13-ⅩⅧ ~アサラーム監督との邂逅~

 そうして1時間が経ち、すっかり日も落ちたころ、会場にとある外国人が入ってくるのを、十華は目にする。そして、その目が強く輝くと、テーブルにて食事を分析している愛の肩を強く叩いた。


「いたっ! 何? 十華ちゃん」

「ご飯食べてる場合じゃないわよ! 来た! 来たわよ!」


 目的の人物の登場に、会場はにわかにざわつー―――――かなかった。そりゃそうだ。B級以下の映画監督の登場など、ここにいるやんごとない方々は知る由もない。


 小太りのアサラーム監督は、通訳らしき男性を引き連れて、ピシッと決めたスーツでやって来た。そのあまりにも堂々とした佇まいに,いらっしゃる方は「誰だろ、あれ?」「どこかの外資系の役員かな?」などと話している。残念ながらそんな人ではない。

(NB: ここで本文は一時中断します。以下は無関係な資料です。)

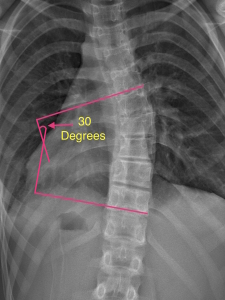 Cobb Angle Example | Scoliosis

 通訳と話しながら、監督は上階に向かっていった。恐らく、鳳之介の元に挨拶に行くのだろう。


「愛ちゃん、行くわよ!」

「え、ちょっと待って、ご飯まだ……!」

「いいから!」


 十華は愛を引っ張るように、3階へと急ぐ。エイミーと絵里も、それにつられて上階へと昇って行った。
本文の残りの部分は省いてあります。